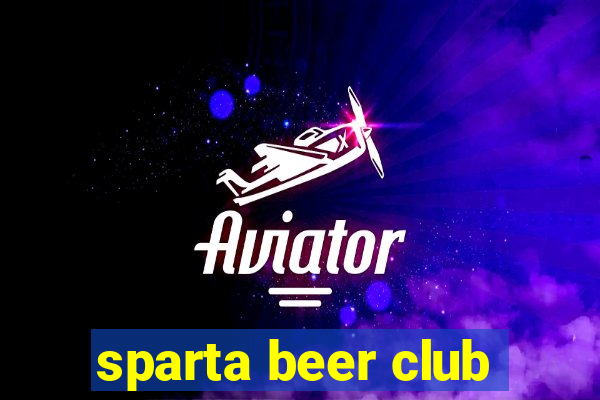 sparta beer club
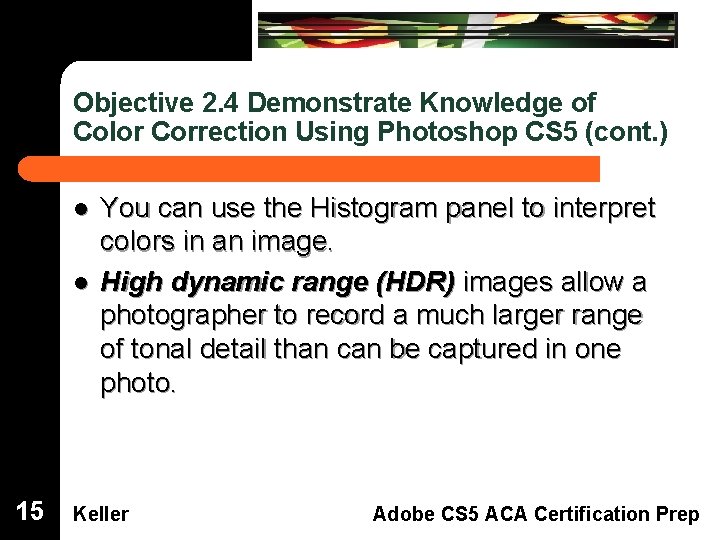 Objective 2. 4 Demonstrate Knowledge of Color Correction Using Photoshop CS 5 (cont. )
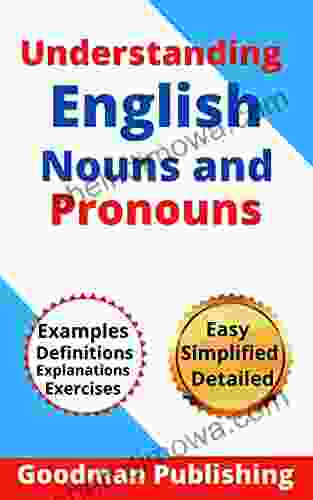 Understanding English Nouns and Pronouns : A Step by Step Guide to English as a Second Language for Teachers Parents Foreigners and ESL Learners to Write Like a Pro (Parts of Speech 1)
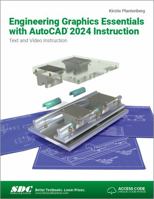 Engineering Graphics Essentials with AutoCAD 2024 Instruction: Text and Video Instruction 1630576042 Book Cover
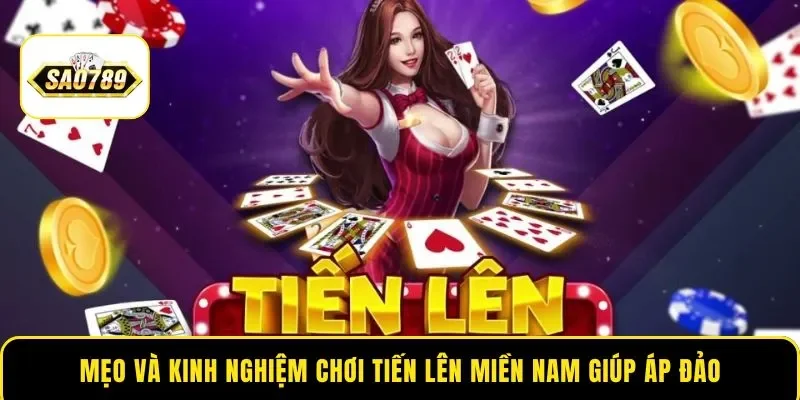 Mẹo và kinh nghiệm chơi Tiến Lên Miền Nam giúp áp đảo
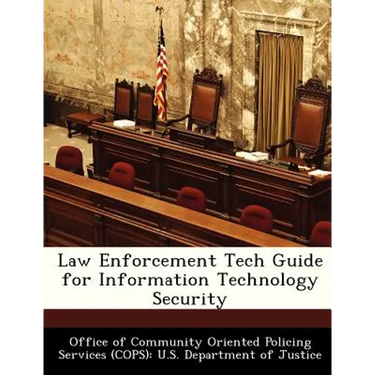 Law Enforcement Tech Guide for Information Technology Security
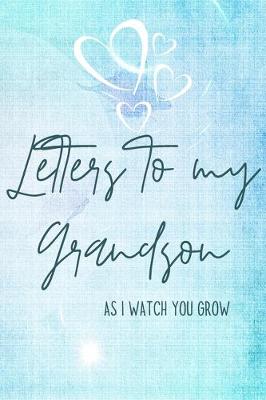 Book cover for Letters to my Grandson Journal-Grandparents Journal Appreciation Gift-Lined Notebook To Write In-6"x9" 120 Pages Book 6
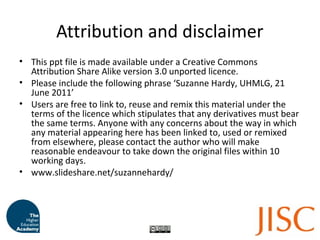 Attribution and disclaimer
• This ppt file is made available under a Creative Commons
Attribution Share Alike version 3.0 unported licence.
• Please include the following phrase ‘Suzanne Hardy, UHMLG, 21
June 2011’
• Users are free to link to, reuse and remix this material under the
terms of the licence which stipulates that any derivatives must bear
the same terms. Anyone with any concerns about the way in which
any material appearing here has been linked to, used or remixed
from elsewhere, please contact the author who will make
reasonable endeavour to take down the original files within 10
working days.
• www.slideshare.net/suzannehardy/
 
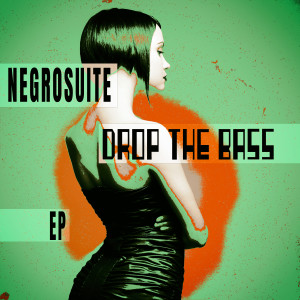 อัลบัม Drop The Bass - EP ศิลปิน Negrosuite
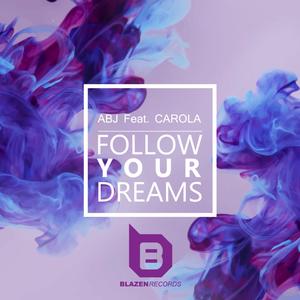 Follow Your Dreams (feat. Carola)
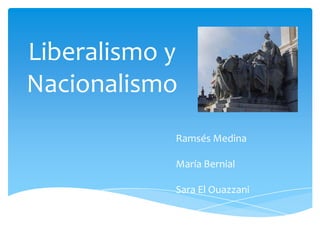 Liberalismo y
Nacionalismo
Ramsés Medina
María Bernial

Sara El Ouazzani

 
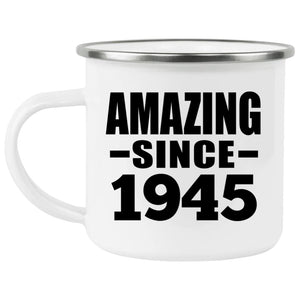 79th Birthday Amazing Since 1945 - 12oz Camping Mug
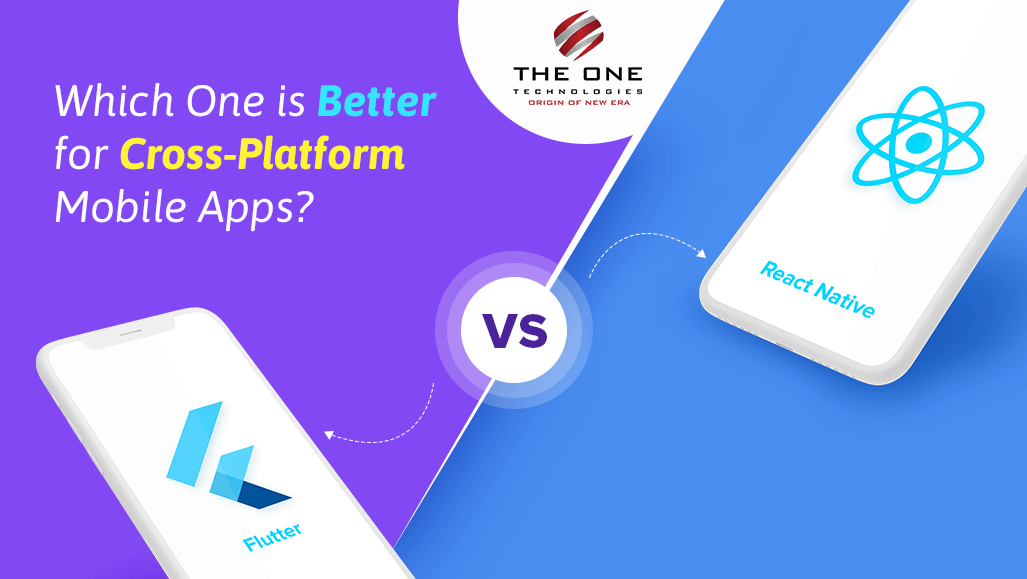 Flutter vs React Native - Which One is Better for Cross-Platform Mobile Apps?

Exercise prompt | Skipping every picture, reproduce the records word for word.

Completed task |
 sparta beer club
 Objective 2. 4 Demonstrate Knowledge of Color Correction Using Photoshop CS 5 (cont. )
 Understanding English Nouns and Pronouns : A Step by Step Guide to English as a Second Language for Teachers Parents Foreigners and ESL Learners to Write Like a Pro (Parts of Speech 1)
 Engineering Graphics Essentials with AutoCAD 2024 Instruction: Text and Video Instruction 1630576042 Book Cover
 Mẹo và kinh nghiệm chơi Tiến Lên Miền Nam giúp áp đảo
 Law Enforcement Tech Guide for Information Technology Security
 Book cover for Letters to my Grandson Journal-Grandparents Journal Appreciation Gift-Lined Notebook To Write In-6"x9" 120 Pages Book 6
 Attribution and disclaimer
• This ppt file is made available under a Creative Commons
Attribution Share Alike version 3.0 unported licence.
• Please include the following phrase ‘Suzanne Hardy, UHMLG, 21
June 2011’
• Users are free to link to, reuse and remix this material under the
terms of the licence which stipulates that any derivatives must bear
the same terms. Anyone with any concerns about the way in which
any material appearing here has been linked to, used or remixed
from elsewhere, please contact the author who will make
reasonable endeavour to take down the original files within 10
working days.
• www.slideshare.net/suzannehardy/
 
 อัลบัม Drop The Bass - EP ศิลปิน Negrosuite
 Follow Your Dreams (feat. Carola)
 Liberalismo y
Nacionalismo
Ramsés Medina
María Bernial

Sara El Ouazzani

 
 79th Birthday Amazing Since 1945 - 12oz Camping Mug
 Flutter vs React Native - Which One is Better for Cross-Platform Mobile Apps?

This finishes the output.